Extract the whole listing as it stands. Do not include the pictures.

* _Data block_:
....
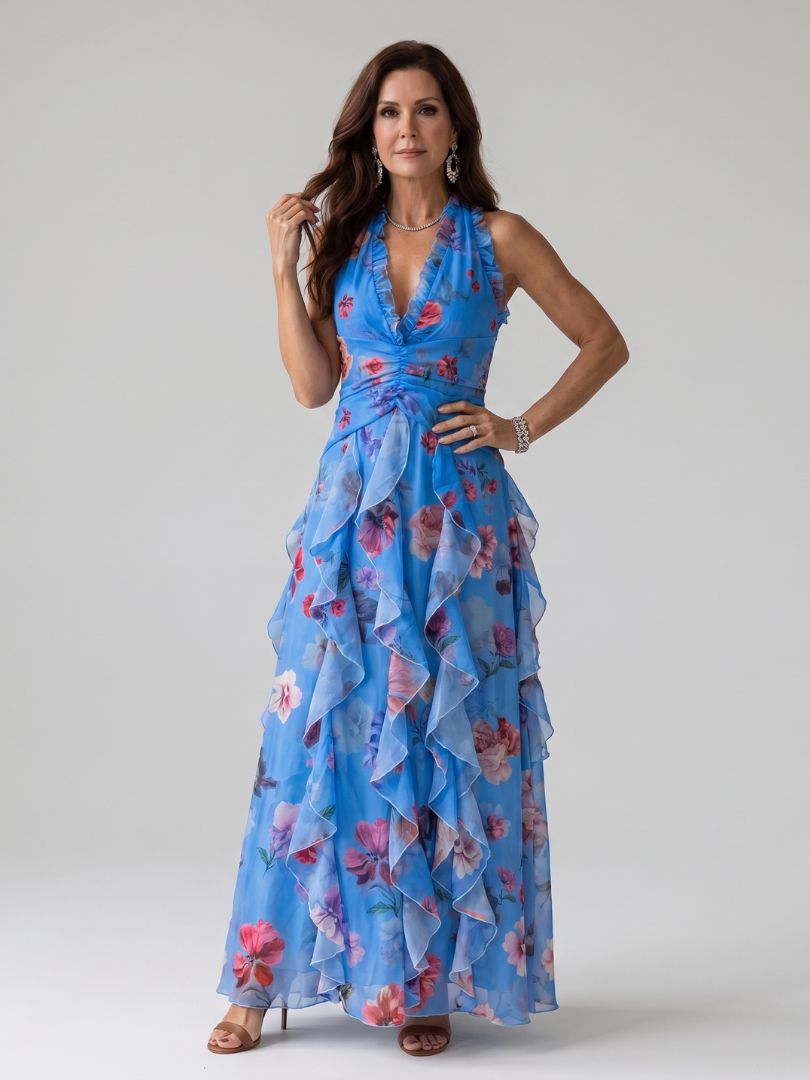 Maxi obleka Alma Ljubljana Nori z rožnatim vzorcem in halter ovratnikom, elegantna in damska.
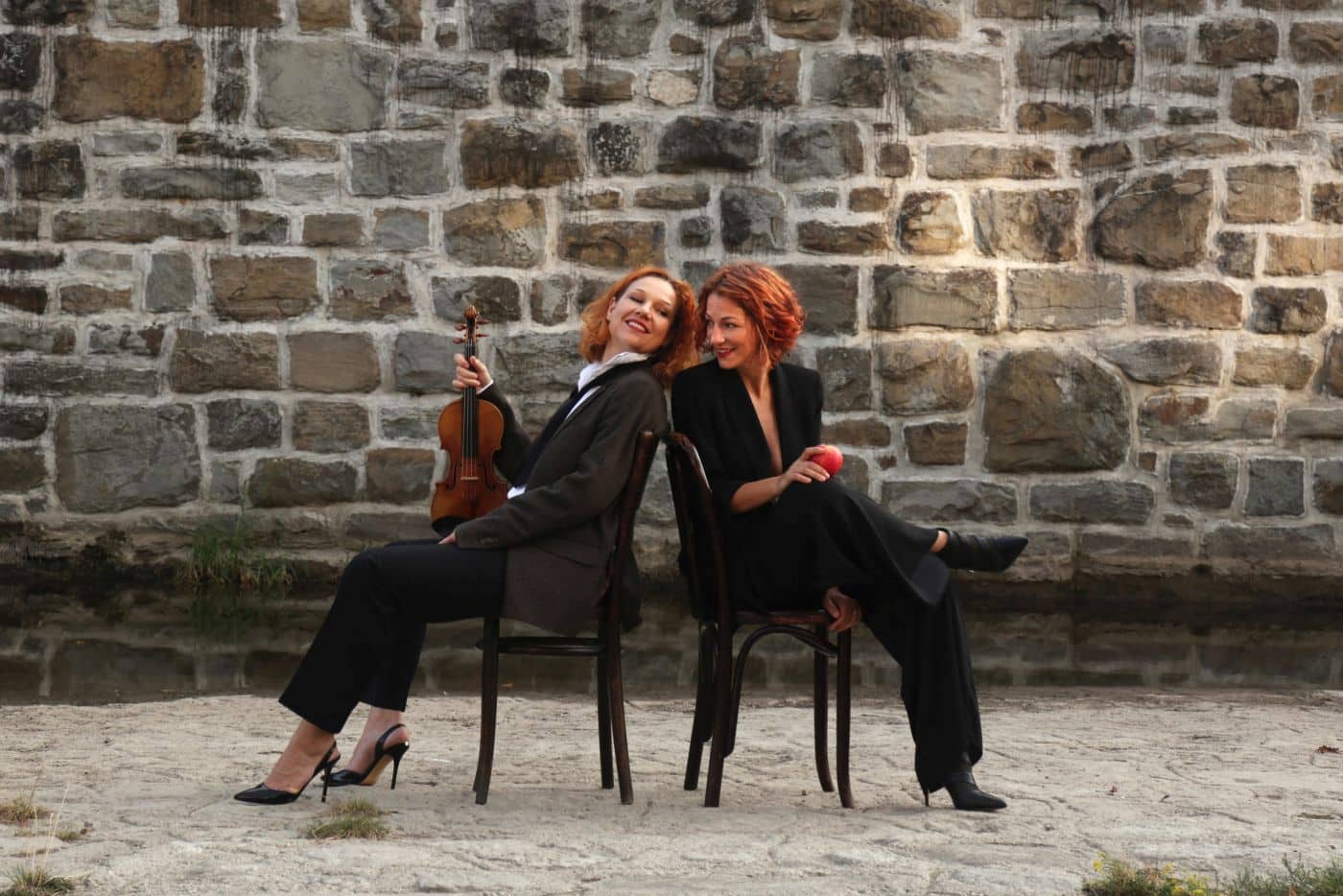 Bild Evas Mut - Sophie Heinrich und Maria Radutu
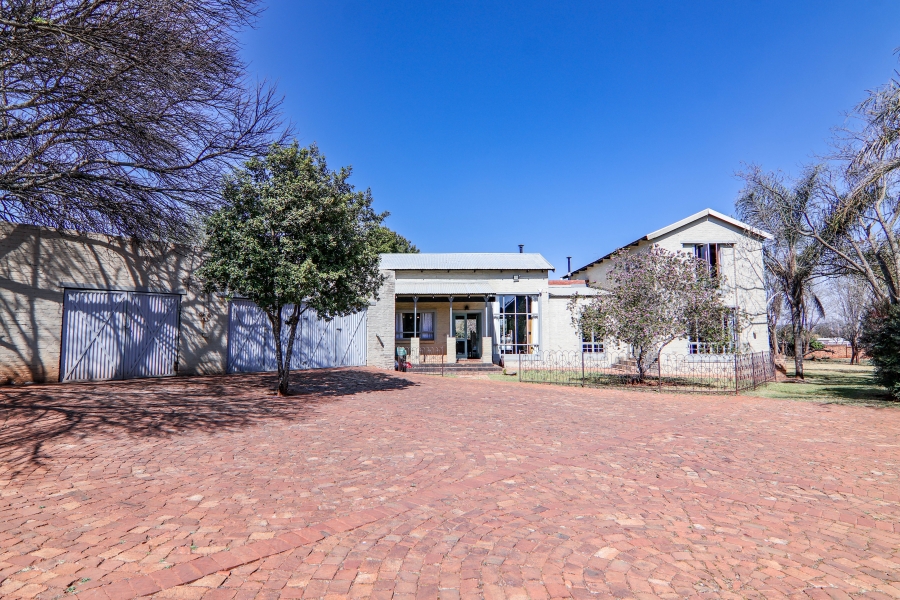 5 Bedroom Property for Sale in Raslouw Gauteng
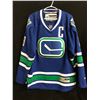 Image 2 : MARKUS NASLUND VANCOUVER CANUCKS REEBOK HOCKEY JERSEY (LARGE)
....
* _Output_:
 Maxi obleka Alma Ljubljana Nori z rožnatim vzorcem in halter ovratnikom, elegantna in damska.
 Bild Evas Mut - Sophie Heinrich und Maria Radutu
 5 Bedroom Property for Sale in Raslouw Gauteng
 Image 2 : MARKUS NASLUND VANCOUVER CANUCKS REEBOK HOCKEY JERSEY (LARGE)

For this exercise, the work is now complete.